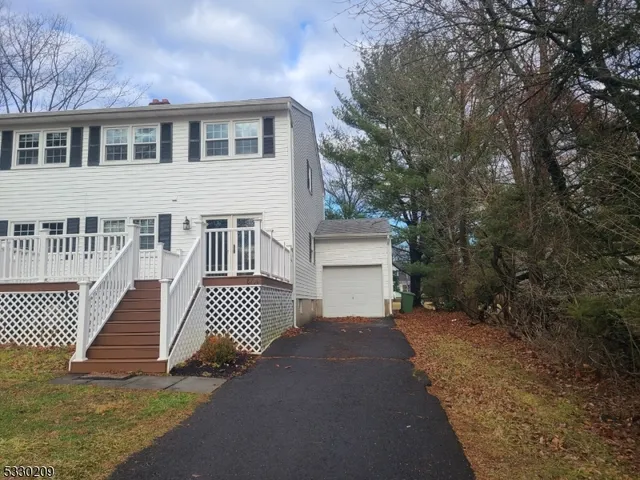 $3,700 | 87 East Main Street, Unit 87A, Mendham, NJ 07945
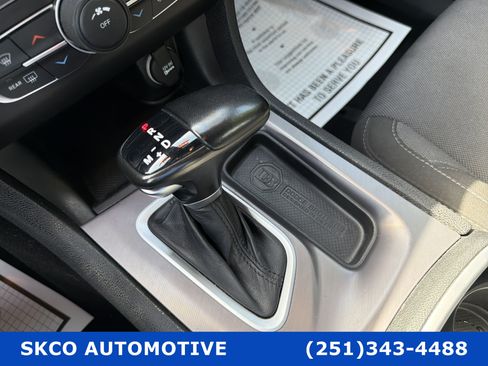 Used 2022 Dodge Charger SXT RWD image 23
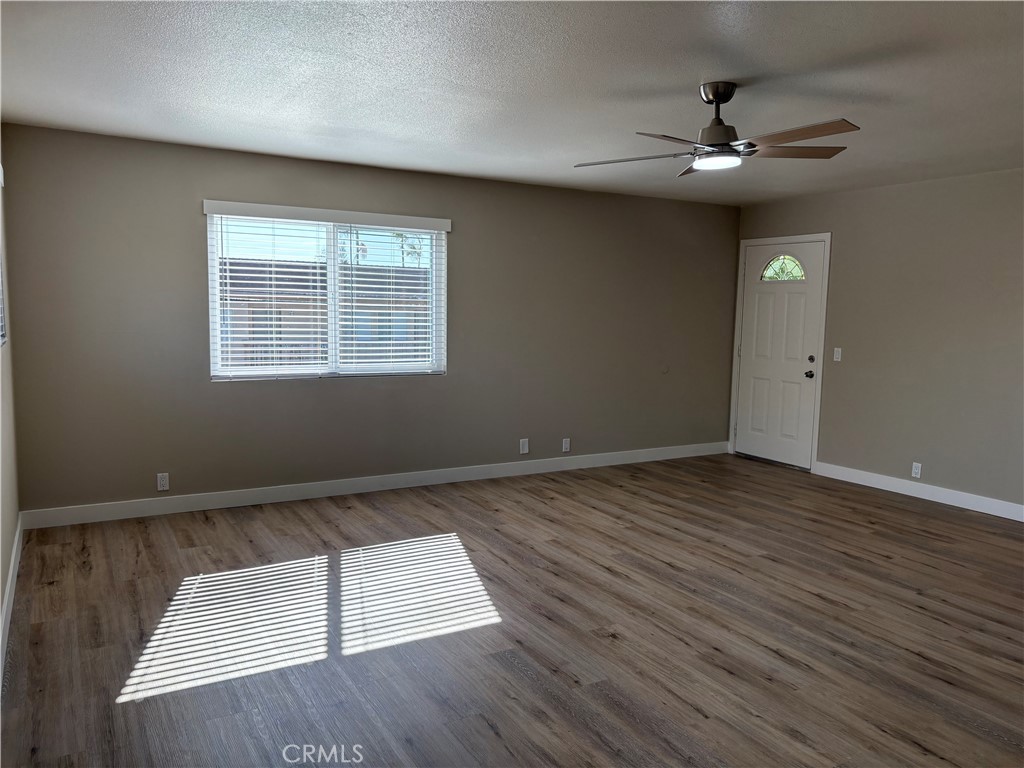 MLS #OC25273347 image #16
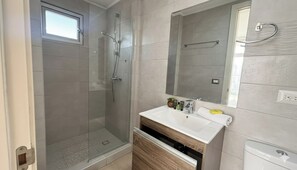 Unclassified image, 5 of 18, button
_ _ _
• **DIRECTIONS FOR THIS TASK**:
Return the complete data unchanged and include none of the pictures.

• **WRITTEN SOLUTION**:
 $3,700 | 87 East Main Street, Unit 87A, Mendham, NJ 07945
 Used 2022 Dodge Charger SXT RWD image 23
 MLS #OC25273347 image #16
 Unclassified image, 5 of 18, button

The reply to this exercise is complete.